You know those meals that just hit the spot every time? That’s exactly what this Mediterranean braised chicken is for me. Chicken thighs simmered with warm spices, garbanzo beans, and tomatoes create a dish that’s hearty, comforting, and packed with flavor. It’s one of those recipes that makes your kitchen smell amazing and leaves everyone at the table asking for seconds.
I first made this dish on a chilly evening, and let me tell you, the aromas that filled the kitchen were enough to make everyone hungry before it even hit the table! Pair it with crusty bread, rice, or even couscous for a complete meal that feels restaurant-worthy but is totally doable at home.

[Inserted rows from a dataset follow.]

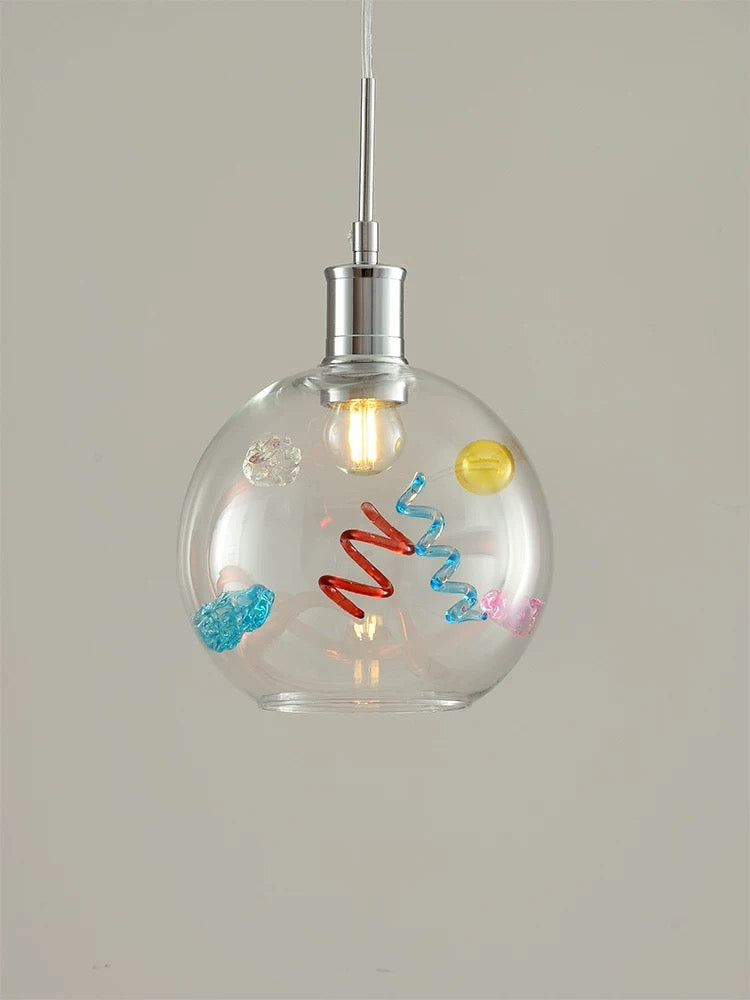Clear glass pendant light with colorful decorations on a neutral background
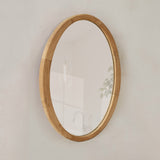 Oval wooden-framed mirror on a plain wall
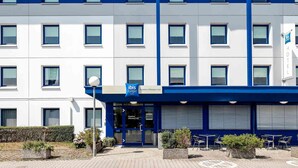 A modern hotel building with a blue and white facade, multiple windows, and a sign indicating it is a budget hotel. - Ibis Budget Frankfurt Offenbach Sued (Offenbach am Main)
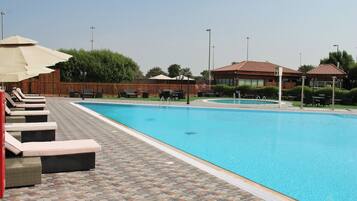 Outdoor pool, pool umbrellas, sun loungers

If you’re as much of a fan of bold, Mediterranean-inspired flavors as I am, you’ll also love some of the other recipes I’ve shared. My caprese chicken skillet is a tasty dish that brings together mozzarella, fresh herbs and tomatoes, while my tomato chicken soup is perfect for when you’re craving something warm and cozy with a lighter touch. For a quick and easy option, my chicken pesto flatbread is a fantastic choice.
This Mediterranean braised chicken is one of those recipes that looks impressive but doesn’t require fancy techniques or hard-to-find ingredients.
Reasons to Love This Recipe
Ingredient Overview
Be sure to check out the full recipe and ingredient list below
- Chicken Thighs. Bone-in, skin-on chicken thighs are my go-to for this recipe because they stay juicy during cooking and develop a gorgeous, golden-brown crust when seared. If you don’t have thighs on hand, you can easily swap in boneless thighs, drumsticks, or even bone-in chicken breasts – just be sure to adjust the cooking time so they don’t dry out.
- Olive Oil. Olive oil is the base of so many of my favorite recipes, and this one is no different. It adds richness and helps build flavor as you sear the chicken and sauté the aromatics. If you’re out, avocado oil or a neutral oil like vegetable or canola oil works just fine.
- Onion and Garlic. These two are non-negotiable in my kitchen. They’re the foundation of a great sauce, adding depth and aroma. If you’re short on onions, shallots will work, and in a pinch, garlic powder can replace fresh garlic – just use about ½ teaspoon per clove.
- Spices (Smoked Paprika, Cumin, Coriander). This warm spice blend brings all the Mediterranean vibes. Smoked paprika and cumin add a subtle smokiness, and coriander provides an earthy balance. If you don’t have smoked paprika, regular paprika works, and you can skip coriander if needed – though it adds a special touch I’d miss!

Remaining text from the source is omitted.